Information supplied: Begin

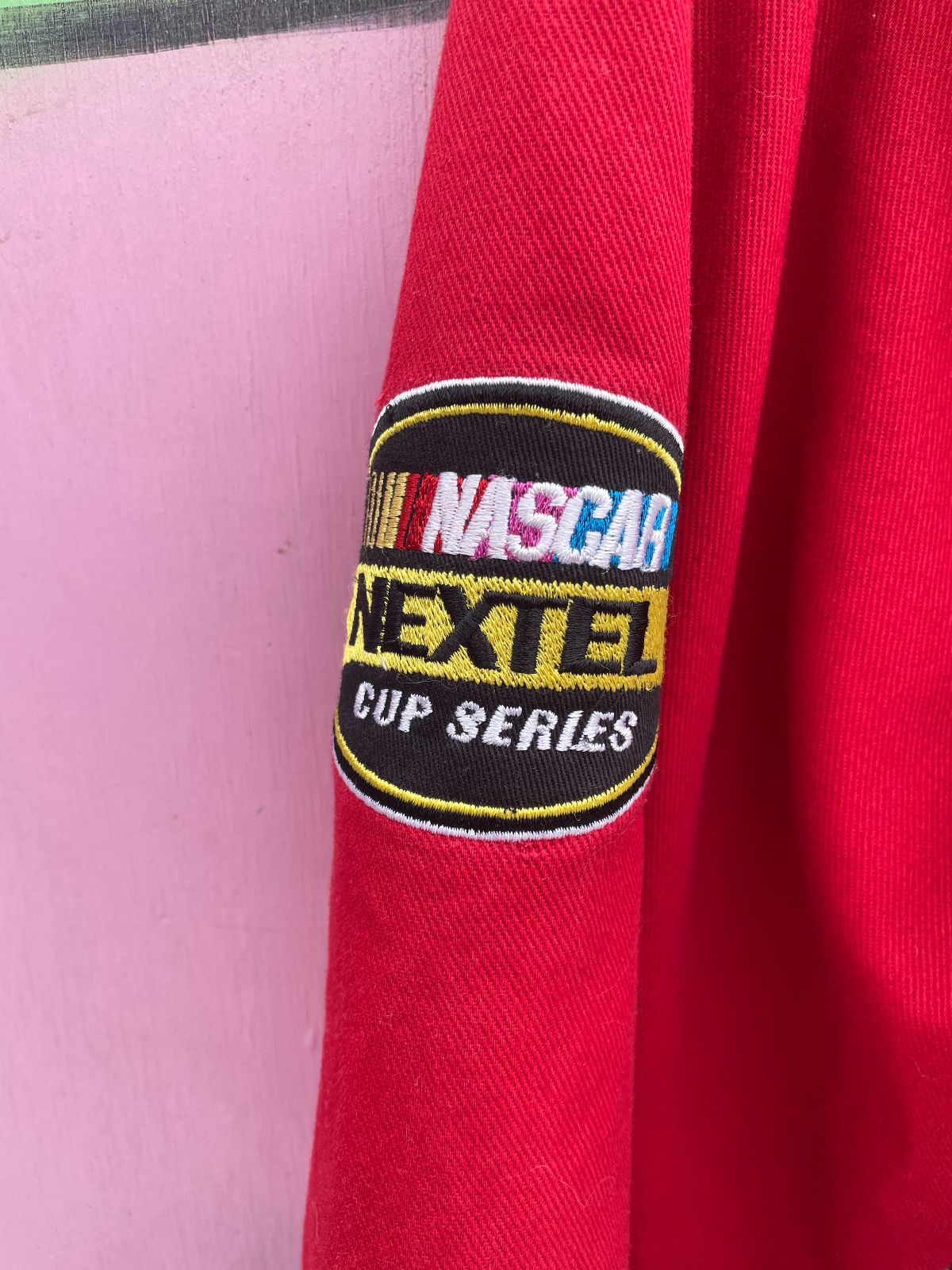 CHASE AUTHENTICS NASCAR BUDWEISER #3 DALE EARNHARDT JR ZIPUP JACKET in RED, BLACK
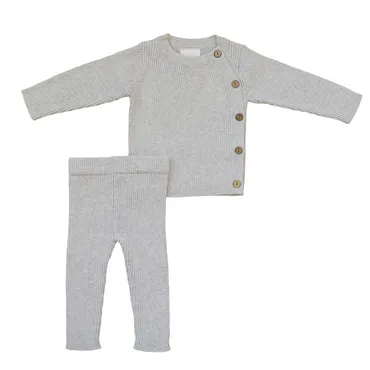 Ribbed Knit Layette Set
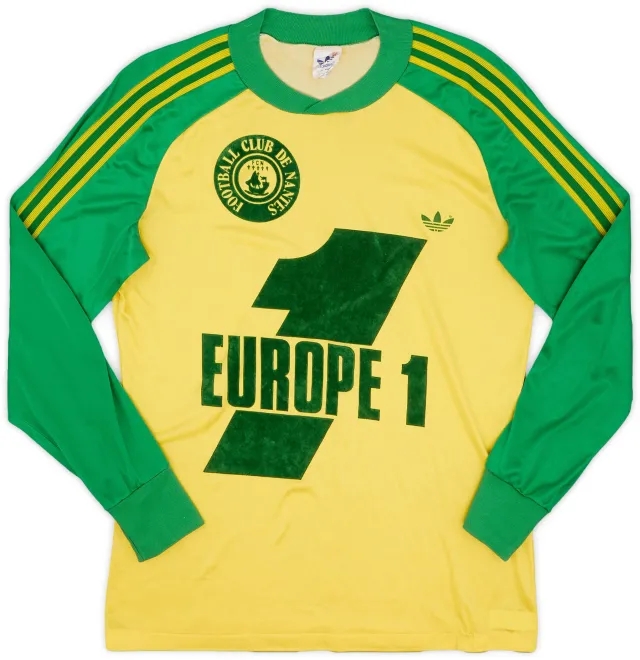 adidas 1978-79 Nantes Home L/S Shirt - 9/10 - (M)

Information supplied: End

Aim of the task:
Keep the pictures out, and write out the rest of the data above word for word.

Written answer:
 CHASE AUTHENTICS NASCAR BUDWEISER #3 DALE EARNHARDT JR ZIPUP JACKET in RED, BLACK
 Ribbed Knit Layette Set
 adidas 1978-79 Nantes Home L/S Shirt - 9/10 - (M)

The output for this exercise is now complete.